╭─ Dataset records
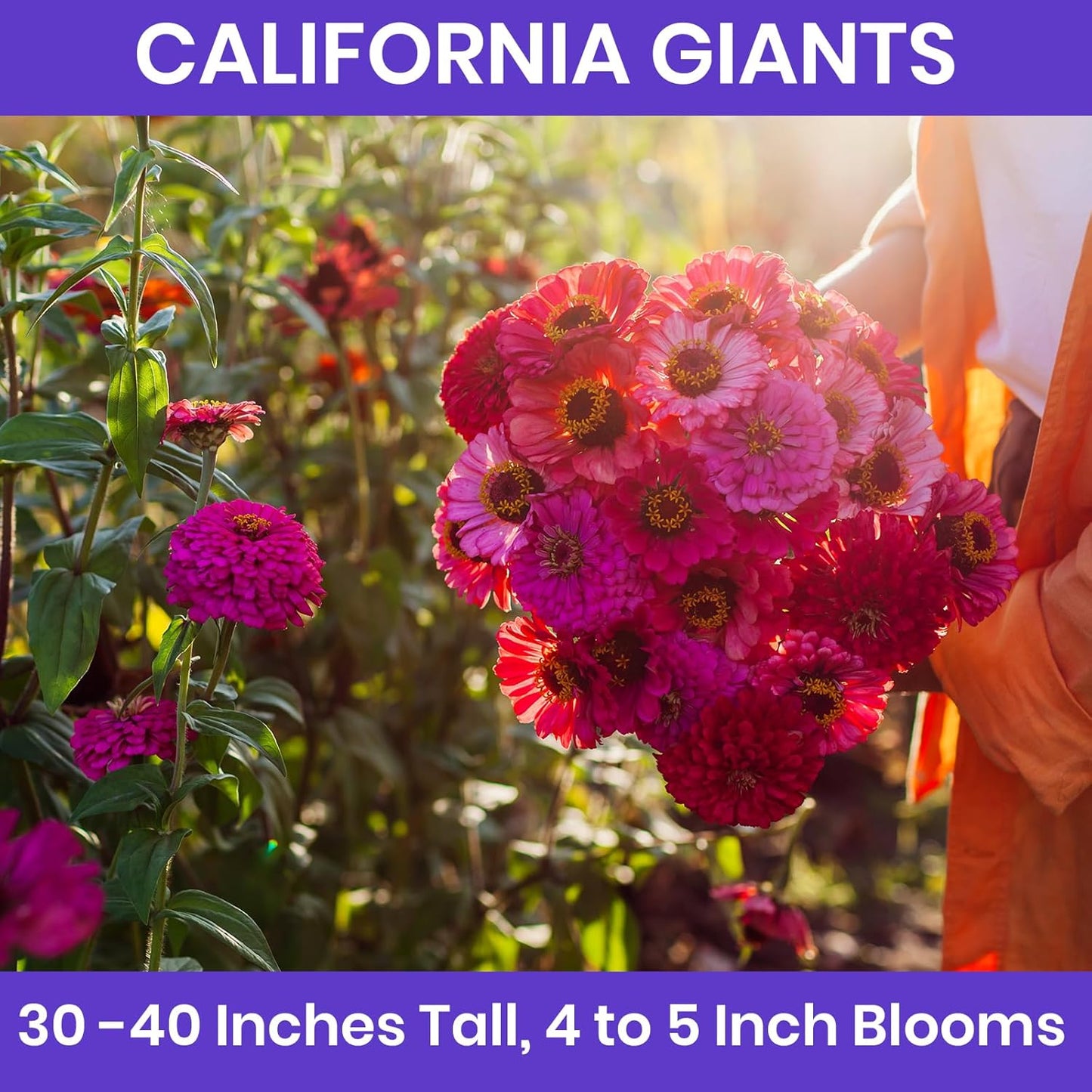 NatureZ Zinnia Seeds - Non-GMO Flower Seeds for Easy Outdoor Planting | 1/4 lb Bulk Mix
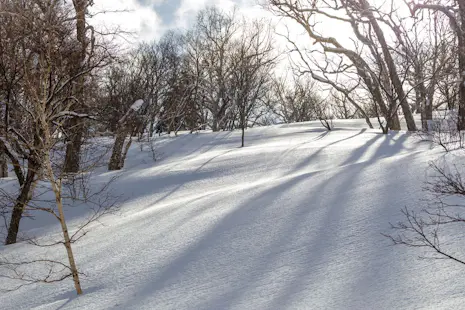 Skiing with FWQ Skier Yuhei Yamada in the Sapporo Area (Full Day)
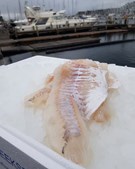 Beringsslagteren ApS tilbyder friske kullerfileter til torsdagspris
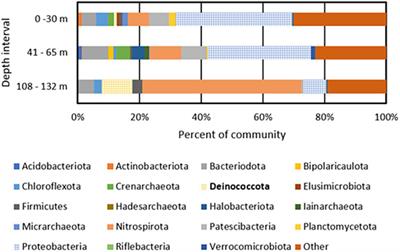 Parapatric speciation of Meiothermus in serpentinite-hosted aquifers in Oman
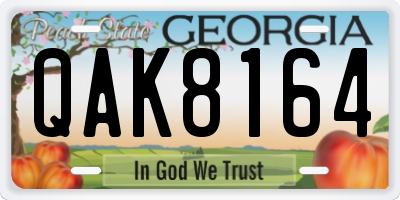 GA license plate QAK8164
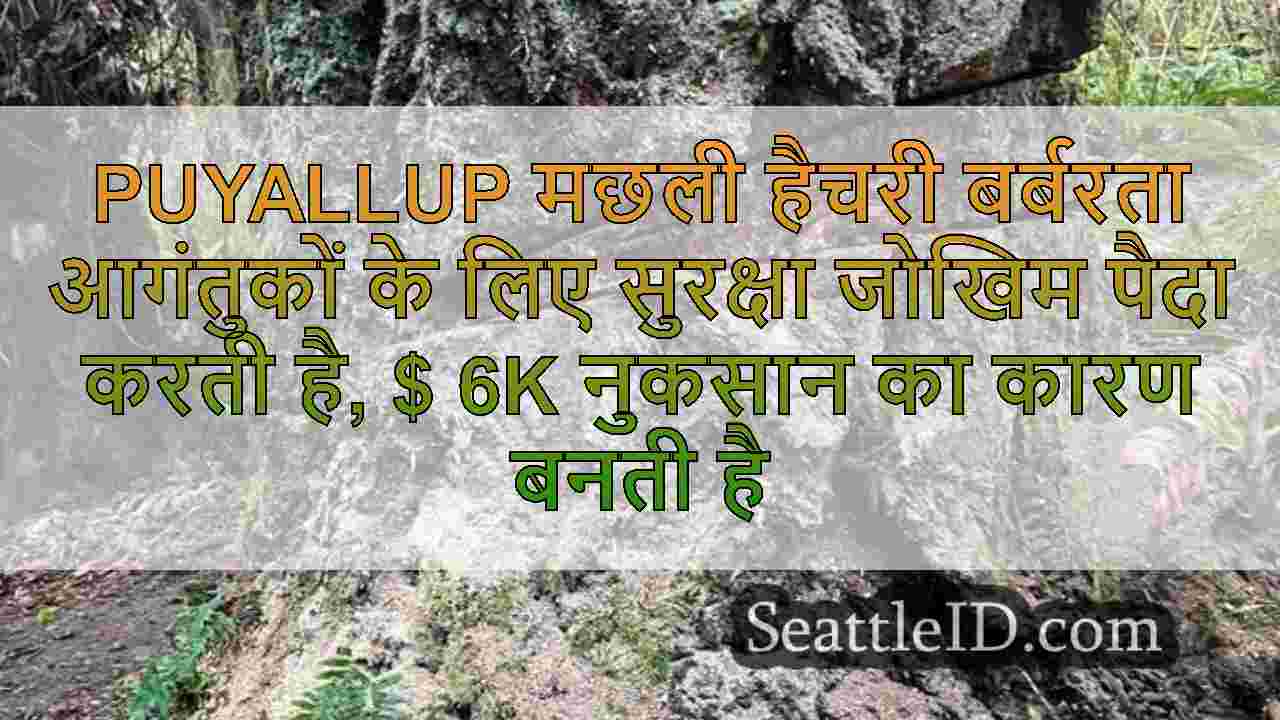 सिएटल समाचार SeattleID
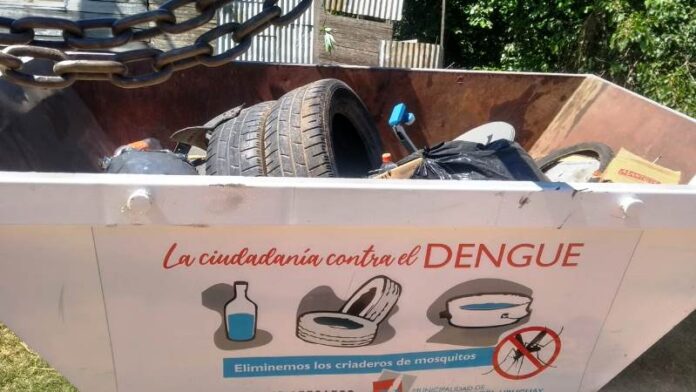 04 lucha contra el dengue1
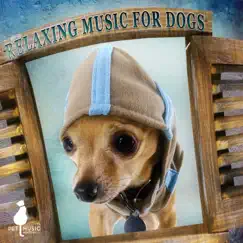Relaxing Music for Dogs - Calm Down Your Animal Companion, Soothing Nature Sounds for Puppies & Cats Vol, 2 by Pet Music Academy album reviews, ratings, credits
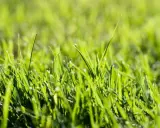 Close-up of vibrant green grass. A common question is: does borax kill grass? This image shows healthy blades, not the brown, dead patches borax can cause.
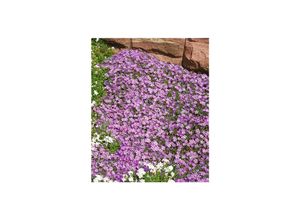 4063654259039 - Phlox douglasii Lilac Cloud Polsterphlox lila ca 9x9 cm Topf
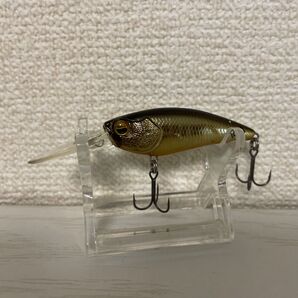 【RAIDJAPAN 】LEVEL SHAD【レイドジャパン】レベルシャッド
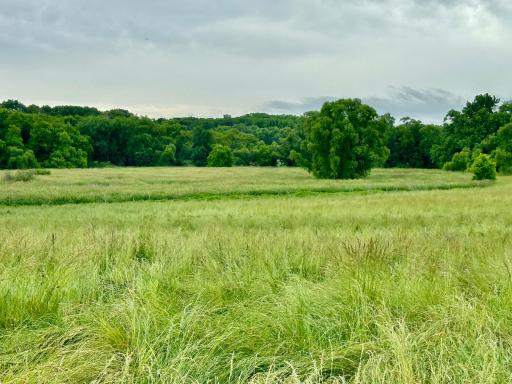 2505 Pioneer Trail, Medina, MN 55340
╰─
◆ Your task: Once the pictures are set aside, repeat the data above exactly as written.

◆ Exercise solution:
 NatureZ Zinnia Seeds - Non-GMO Flower Seeds for Easy Outdoor Planting | 1/4 lb Bulk Mix
 Skiing with FWQ Skier Yuhei Yamada in the Sapporo Area (Full Day)
 Beringsslagteren ApS tilbyder friske kullerfileter til torsdagspris
 Parapatric speciation of Meiothermus in serpentinite-hosted aquifers in Oman
 GA license plate QAK8164
 सिएटल समाचार SeattleID
 04 lucha contra el dengue1
Relaxing Music for Dogs - Calm Down Your Animal Companion, Soothing Nature Sounds for Puppies & Cats Vol, 2 by Pet Music Academy album reviews, ratings, credits
 Close-up of vibrant green grass. A common question is: does borax kill grass? This image shows healthy blades, not the brown, dead patches borax can cause.
 4063654259039 - Phlox douglasii Lilac Cloud Polsterphlox lila ca 9x9 cm Topf
 【RAIDJAPAN 】LEVEL SHAD【レイドジャパン】レベルシャッド
 2505 Pioneer Trail, Medina, MN 55340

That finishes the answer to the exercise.